Nothing but the lines from the one containing "Isotoma Fairey Carpet - Champion Plants" through the last line of the data below should be returned, each copied exactly.

Records.
·····
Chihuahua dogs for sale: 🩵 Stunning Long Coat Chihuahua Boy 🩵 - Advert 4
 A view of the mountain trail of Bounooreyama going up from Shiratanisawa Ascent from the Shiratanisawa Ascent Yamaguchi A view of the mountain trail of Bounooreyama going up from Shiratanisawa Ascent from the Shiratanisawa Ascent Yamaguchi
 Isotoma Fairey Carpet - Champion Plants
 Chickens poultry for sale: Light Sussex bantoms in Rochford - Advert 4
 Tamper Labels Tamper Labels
·····
Answer section.
 Isotoma Fairey Carpet - Champion Plants
 Chickens poultry for sale: Light Sussex bantoms in Rochford - Advert 4
 Tamper Labels Tamper Labels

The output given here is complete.